TASK TO COMPLETE: Reproduce exactly the lines from the one containing "2021 Volvo XC40" through the last line of the data, both ends included.

Extracted data entries:

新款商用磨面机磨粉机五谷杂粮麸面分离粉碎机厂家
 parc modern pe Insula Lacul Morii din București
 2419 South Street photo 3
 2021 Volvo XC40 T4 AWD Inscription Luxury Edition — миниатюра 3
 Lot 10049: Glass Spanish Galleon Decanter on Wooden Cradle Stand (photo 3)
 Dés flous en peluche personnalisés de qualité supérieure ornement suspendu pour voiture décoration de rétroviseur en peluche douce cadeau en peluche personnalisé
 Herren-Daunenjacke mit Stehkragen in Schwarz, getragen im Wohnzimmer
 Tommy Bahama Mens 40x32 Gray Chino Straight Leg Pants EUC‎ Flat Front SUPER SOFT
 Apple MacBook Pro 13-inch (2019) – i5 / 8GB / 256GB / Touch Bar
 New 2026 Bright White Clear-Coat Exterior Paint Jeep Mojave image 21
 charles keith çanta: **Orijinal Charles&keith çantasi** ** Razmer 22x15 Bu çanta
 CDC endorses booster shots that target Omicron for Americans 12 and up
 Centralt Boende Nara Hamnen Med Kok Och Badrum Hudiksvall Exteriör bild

TASK ANSWER:
 2021 Volvo XC40 T4 AWD Inscription Luxury Edition — миниатюра 3
 Lot 10049: Glass Spanish Galleon Decanter on Wooden Cradle Stand (photo 3)
 Dés flous en peluche personnalisés de qualité supérieure ornement suspendu pour voiture décoration de rétroviseur en peluche douce cadeau en peluche personnalisé
 Herren-Daunenjacke mit Stehkragen in Schwarz, getragen im Wohnzimmer
 Tommy Bahama Mens 40x32 Gray Chino Straight Leg Pants EUC‎ Flat Front SUPER SOFT
 Apple MacBook Pro 13-inch (2019) – i5 / 8GB / 256GB / Touch Bar
 New 2026 Bright White Clear-Coat Exterior Paint Jeep Mojave image 21
 charles keith çanta: **Orijinal Charles&keith çantasi** ** Razmer 22x15 Bu çanta
 CDC endorses booster shots that target Omicron for Americans 12 and up
 Centralt Boende Nara Hamnen Med Kok Och Badrum Hudiksvall Exteriör bild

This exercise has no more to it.